Short descriptive text snippets:
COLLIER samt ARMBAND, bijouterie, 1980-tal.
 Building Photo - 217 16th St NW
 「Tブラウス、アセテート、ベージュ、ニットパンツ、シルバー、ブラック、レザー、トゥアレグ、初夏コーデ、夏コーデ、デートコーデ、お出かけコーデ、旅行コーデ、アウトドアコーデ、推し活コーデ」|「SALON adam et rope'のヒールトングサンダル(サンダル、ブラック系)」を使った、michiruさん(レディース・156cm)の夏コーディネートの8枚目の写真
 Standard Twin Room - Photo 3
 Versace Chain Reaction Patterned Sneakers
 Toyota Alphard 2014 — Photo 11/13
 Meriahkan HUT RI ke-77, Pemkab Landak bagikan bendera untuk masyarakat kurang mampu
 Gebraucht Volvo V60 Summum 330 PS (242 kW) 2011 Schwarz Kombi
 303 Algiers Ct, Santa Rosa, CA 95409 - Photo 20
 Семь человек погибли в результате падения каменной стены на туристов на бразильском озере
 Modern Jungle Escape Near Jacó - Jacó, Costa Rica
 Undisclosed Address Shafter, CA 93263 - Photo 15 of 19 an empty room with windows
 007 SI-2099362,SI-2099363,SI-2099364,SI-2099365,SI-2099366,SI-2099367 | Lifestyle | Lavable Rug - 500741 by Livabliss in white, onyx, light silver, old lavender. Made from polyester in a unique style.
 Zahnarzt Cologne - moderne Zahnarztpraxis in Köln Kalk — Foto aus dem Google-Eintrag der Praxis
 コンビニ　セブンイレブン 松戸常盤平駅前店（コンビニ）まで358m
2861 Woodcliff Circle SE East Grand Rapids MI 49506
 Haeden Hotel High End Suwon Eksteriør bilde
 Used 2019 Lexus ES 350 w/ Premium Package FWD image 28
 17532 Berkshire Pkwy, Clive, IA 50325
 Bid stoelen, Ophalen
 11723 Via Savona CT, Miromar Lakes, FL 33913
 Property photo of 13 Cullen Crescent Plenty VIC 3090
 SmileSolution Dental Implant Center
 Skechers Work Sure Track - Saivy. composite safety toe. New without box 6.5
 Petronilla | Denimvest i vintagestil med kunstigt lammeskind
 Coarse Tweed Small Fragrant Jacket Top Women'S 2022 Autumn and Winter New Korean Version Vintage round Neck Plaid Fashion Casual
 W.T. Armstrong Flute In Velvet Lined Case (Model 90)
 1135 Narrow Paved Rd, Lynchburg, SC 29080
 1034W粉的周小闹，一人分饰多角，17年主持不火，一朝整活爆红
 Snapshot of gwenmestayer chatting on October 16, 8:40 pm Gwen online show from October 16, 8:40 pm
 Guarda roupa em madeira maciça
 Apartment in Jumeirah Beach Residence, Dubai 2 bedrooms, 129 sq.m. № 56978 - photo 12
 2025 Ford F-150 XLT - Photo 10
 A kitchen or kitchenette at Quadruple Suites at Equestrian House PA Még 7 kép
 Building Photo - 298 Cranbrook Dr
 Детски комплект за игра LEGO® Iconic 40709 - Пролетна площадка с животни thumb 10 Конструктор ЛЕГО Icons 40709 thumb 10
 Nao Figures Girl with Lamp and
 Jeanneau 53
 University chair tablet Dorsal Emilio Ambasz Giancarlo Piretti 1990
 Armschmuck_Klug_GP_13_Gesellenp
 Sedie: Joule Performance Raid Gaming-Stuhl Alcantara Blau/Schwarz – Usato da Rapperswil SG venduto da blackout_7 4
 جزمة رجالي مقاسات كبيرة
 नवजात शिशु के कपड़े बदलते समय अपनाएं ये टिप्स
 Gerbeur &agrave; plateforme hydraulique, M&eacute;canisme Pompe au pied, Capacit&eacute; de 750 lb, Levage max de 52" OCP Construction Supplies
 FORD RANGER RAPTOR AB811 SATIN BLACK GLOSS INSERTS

* **TASK**
In your answer, include only the lines above starting at the line that holds "Undisclosed Address Shafter, CA" and ending at the line that holds "SmileSolution Dental Implant Center", copied exactly.

* **SOLUTION TO THE EXERCISE**
 Undisclosed Address Shafter, CA 93263 - Photo 15 of 19 an empty room with windows
 007 SI-2099362,SI-2099363,SI-2099364,SI-2099365,SI-2099366,SI-2099367 | Lifestyle | Lavable Rug - 500741 by Livabliss in white, onyx, light silver, old lavender. Made from polyester in a unique style.
 Zahnarzt Cologne - moderne Zahnarztpraxis in Köln Kalk — Foto aus dem Google-Eintrag der Praxis
 コンビニ　セブンイレブン 松戸常盤平駅前店（コンビニ）まで358m
2861 Woodcliff Circle SE East Grand Rapids MI 49506
 Haeden Hotel High End Suwon Eksteriør bilde
 Used 2019 Lexus ES 350 w/ Premium Package FWD image 28
 17532 Berkshire Pkwy, Clive, IA 50325
 Bid stoelen, Ophalen
 11723 Via Savona CT, Miromar Lakes, FL 33913
 Property photo of 13 Cullen Crescent Plenty VIC 3090
 SmileSolution Dental Implant Center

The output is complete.